Under normal circumstances the matter would have ended there. Vriend had his day in court and won, but no. The government of Alberta inexplicably appealed the decision and even more inexplicably won, thus forcing Vriend to take his case to the Supreme Court. This is the first wrong.
Since Section 15 protects all individuals from discrimination, and since the charter has force throughout the country, the Alberta legislature should have acknowledged the lapse in its provincial legislation and fixed it. What’s more, the fact that the college fired Vriend after five years is so grossly prejudicial one wonders why the government would want to lodge an appeal. Regardless of the homosexuality issue, didn’t firing Vriend violate general labour laws against mistreatment by employers?
But that’s life in Alberta when the Bible belt starts to pinch.
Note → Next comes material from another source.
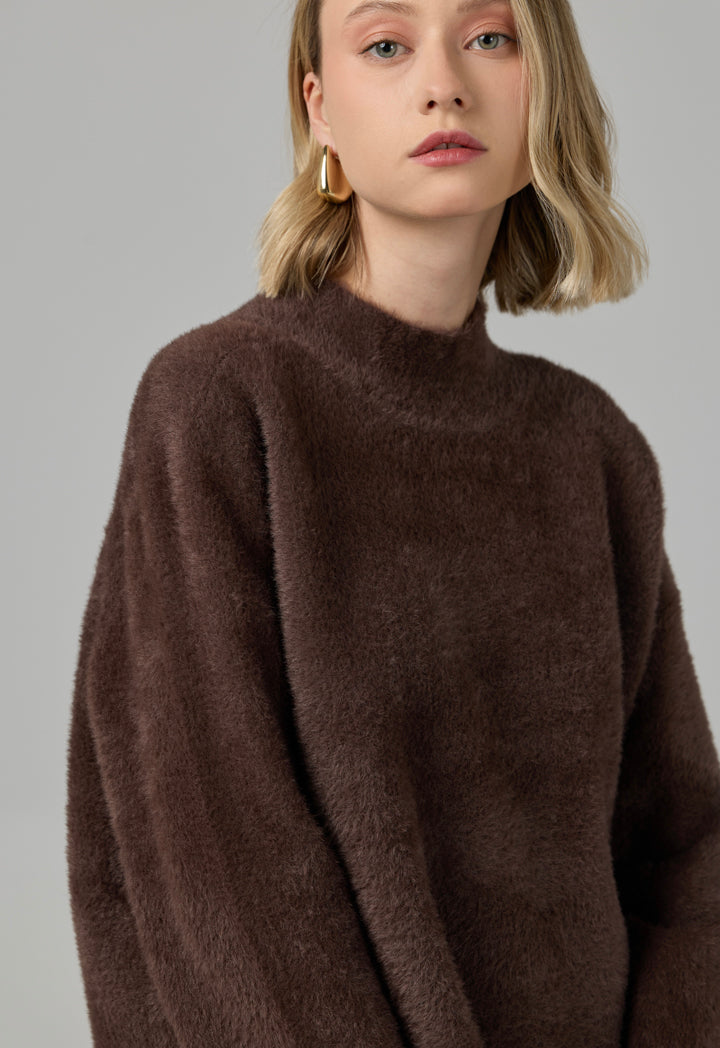 Choice Long Sleeve Knitted Basic Blouse Dark Brown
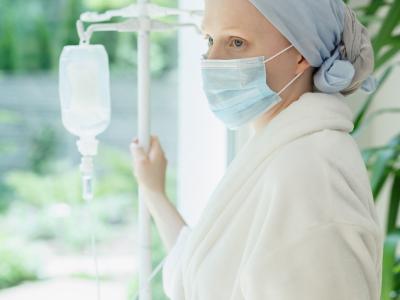 Cancer patient wearing mask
The way the Supreme Court overruled the Alberta Court of Appeal compounded the injustice. This is the second wrong, even though the Supreme Court was right to judge the case the way it did. The authors of the majority decision, Justices Peter Cory and Frank Iacobucci, assumed the right to think for all Albertans and read sexual orientation into the Alberta legislation:
“It is reasonable to assume that, if the legislature had been faced with the choice of having no human rights statute or having one that offered protection on the ground of sexual orientation, the latter option would have been chosen."
If the Supreme Court can impose itself on provincial legislation, what does that say about provincial independence? Good, bad or indifferent, the Individual’s Rights Protection Act is law in Alberta and must be respected as such. It can only be amended by Albertans and provincial institutions.
Justice John Major, in his partial dissent, understood this problem and wisely objected to “reading in” protection for homosexuals: “That assumption cannot be made in this appeal. It may be that the legislature would prefer no human rights act over one that includes sexual orientation as a prohibited ground of discrimination.”
Major would rightly have quashed only that part of Alberta’s IRPA that deals with employment provisions rather than alter the entire act. Unlike his colleagues, Major understands that the court’s job is to judge the constitutionality of legislation not to rewrite it.
The court is supposed to be concerned with matters of law, not assumptions about what the citizens of a province might think. Unfortunately, this was not the dominant view and the second wrong was committed.
The Court’s presumption could have debilitating ramifications. Arguably, the greatest divide in this country is between the provinces and the federal government about power over immigration, resources, language, what have you. An intrusion like this merely plays into the hands of hard-line Christians who hardly need prompting to resent Ottawa.
It’s unlikely that we’d ever have a civil war over provincial rights the way the United States did over state rights, but the same underlying tension exists. If the court can arrogate to itself the right to meddle in one kind of provincial legislation, why not another?
The Vriend decision may be remembered, not as an affirmation of homosexual rights, but as a symbol of how messy, litigious and querulous Canada has become in the 16 years since it had a written Constitution imposed upon it.